▶ _What is needed_
Repeat all of the data below word for word, keeping no images.

▶ _Information provided_
● ● ● ●

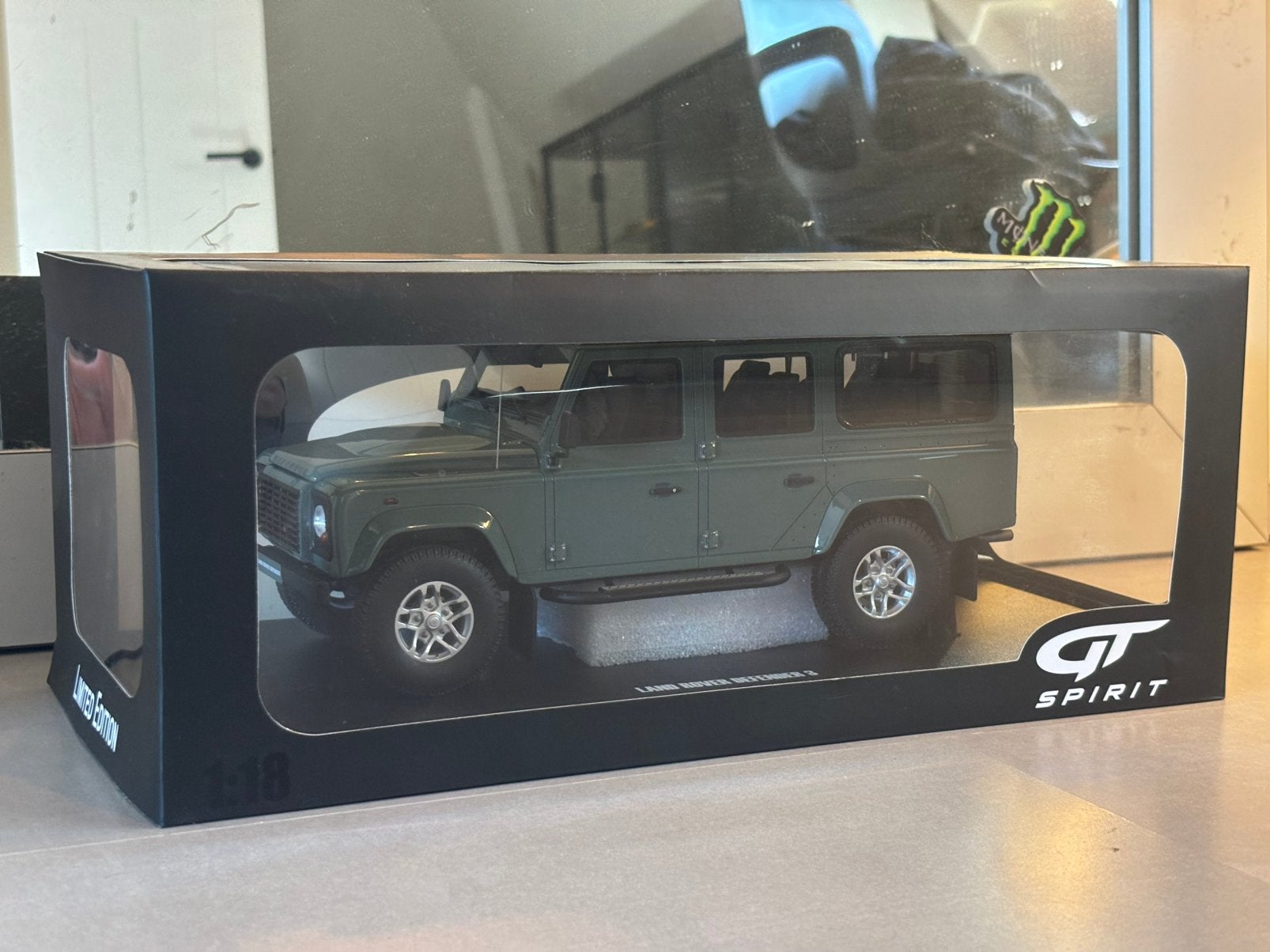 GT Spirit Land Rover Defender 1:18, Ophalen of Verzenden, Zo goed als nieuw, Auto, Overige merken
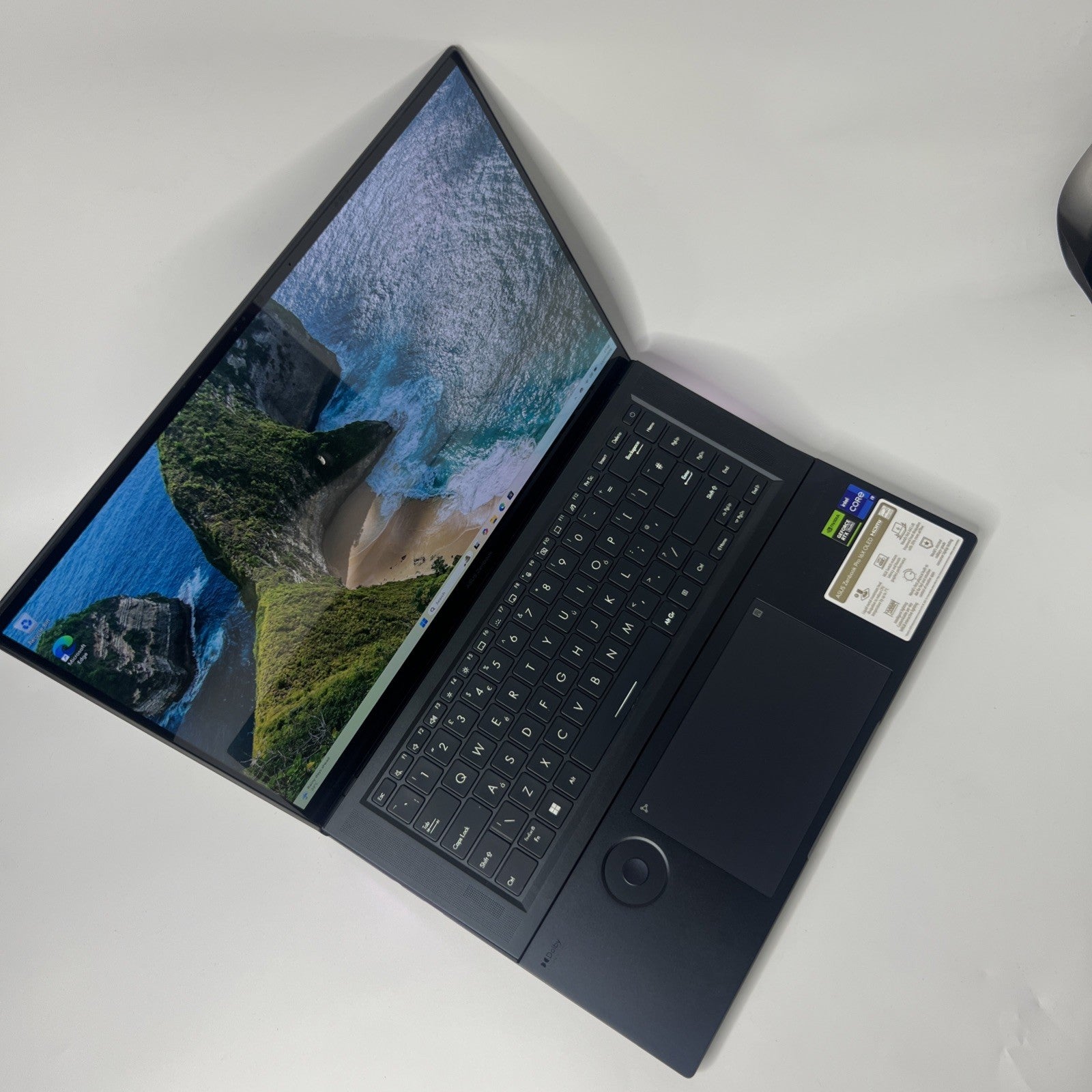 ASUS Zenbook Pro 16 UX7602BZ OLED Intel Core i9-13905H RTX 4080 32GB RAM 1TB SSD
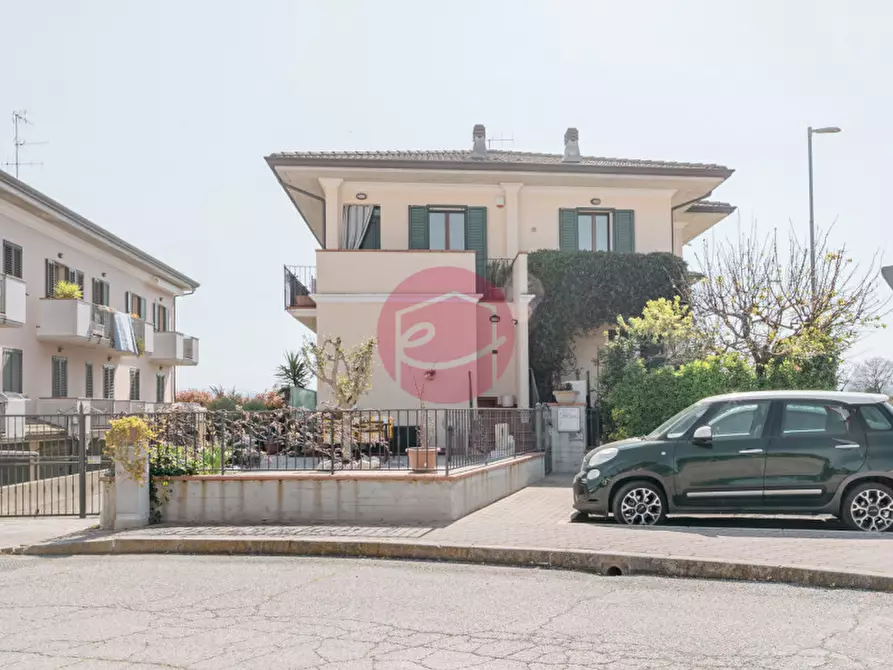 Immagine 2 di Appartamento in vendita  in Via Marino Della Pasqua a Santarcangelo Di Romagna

● ● ● ●

▶ _Response to this exercise_
 GT Spirit Land Rover Defender 1:18, Ophalen of Verzenden, Zo goed als nieuw, Auto, Overige merken
 ASUS Zenbook Pro 16 UX7602BZ OLED Intel Core i9-13905H RTX 4080 32GB RAM 1TB SSD
 Immagine 2 di Appartamento in vendita  in Via Marino Della Pasqua a Santarcangelo Di Romagna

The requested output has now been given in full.